Introduction to Pandas: Setup

Data

For this lesson, we will use a number of different data sets. Download a zip archive containing all the files to your computer and unzip this in a known location:

You can also download the files individually:

Once you click on a file, it should be automatically downloaded to your default download directory. Some browsers may require you to right click on the link to specify the download location.

Software

Python is a popular language for scientific computing, and great for general-purpose programming as well. Installing all of its scientific packages individually can be a bit difficult, so we recommend an all-in-one installer.

For this workshop we use Python version 3.x.

Required Python Packages for this workshop

Install the workshop packages

For installing these packages we will use Anaconda. Anaconda is a Python distribution aimed at data science.

Anaconda installation

Download and install Anaconda. Remember to download and install the installer for Python 3.x for your platform.

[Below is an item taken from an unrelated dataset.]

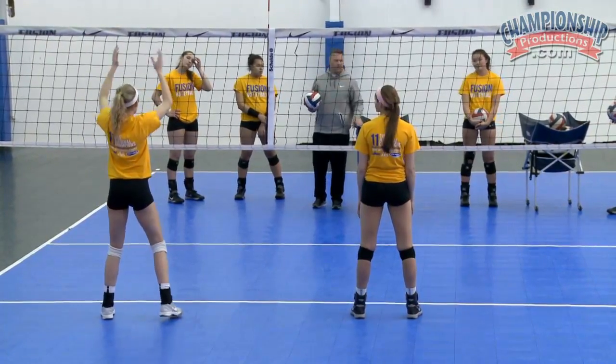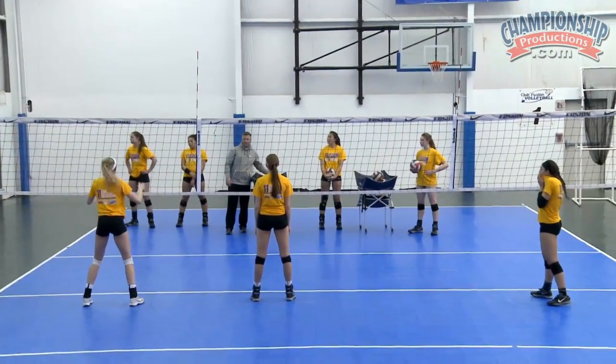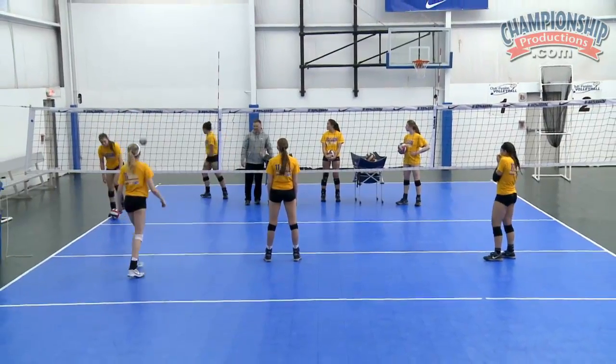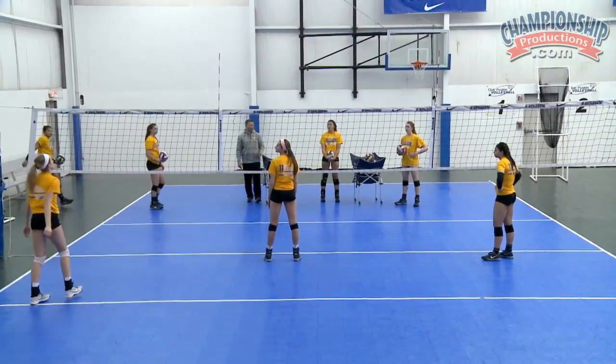Just to give you an example: this would be considered a tight ball where I just want you to get up and swipe. A little deeper, we can get up and try and put a swing on it. And very deep, we're just gonna get up and put the ball up with our hands.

You can download either the graphical or command-line installer. If you download the command line installer, you will need to run the installer using the sh command. For example, if you downloaded Anaconda3-4.4.0-MacOSX-x86_64.sh, you would need to run the command:

sh Anaconda3-4.4.0-MacOSX-x86_64.sh

It is usually necessary to restart your shell once you’ve installed Anaconda.

ggplot installation

Run the command:

conda install ggplot

In some cases, installing ggplot from conda may fail with an error like:

UnsatisfiableError:The following specifications were found to be in conflict:
      - ggplot -> python3.4*
      - python 3.6*

In that case, try installing ggplot with Anaconda pip by running this command in your terminal:

pip install -U ggplot

Launch a Jupyter notebook

After installing either Anaconda or Miniconda and the workshop packages, launch a Jupyter notebook by typing this command from the terminal:

jupyter notebook

The notebook should open automatically in your browser. If it does not or you wish to use a different browser, open this link: http://localhost:8888.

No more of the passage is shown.